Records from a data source
******

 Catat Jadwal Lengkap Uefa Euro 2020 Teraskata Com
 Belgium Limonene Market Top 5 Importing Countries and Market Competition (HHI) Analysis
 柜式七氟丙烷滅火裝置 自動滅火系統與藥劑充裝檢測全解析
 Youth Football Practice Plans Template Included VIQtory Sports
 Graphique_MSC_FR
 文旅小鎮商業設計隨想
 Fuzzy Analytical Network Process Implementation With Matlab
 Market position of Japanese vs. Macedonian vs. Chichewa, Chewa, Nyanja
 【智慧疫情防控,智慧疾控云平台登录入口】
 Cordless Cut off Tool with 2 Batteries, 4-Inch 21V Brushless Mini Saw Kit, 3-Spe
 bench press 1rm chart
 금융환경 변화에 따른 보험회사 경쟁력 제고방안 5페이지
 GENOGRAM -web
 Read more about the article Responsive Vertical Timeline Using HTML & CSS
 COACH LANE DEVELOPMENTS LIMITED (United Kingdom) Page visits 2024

******

**Description of the task**. Using the entries above, tally every line that holds the word "Market". Answer with that number only.

**Exercise output**. 2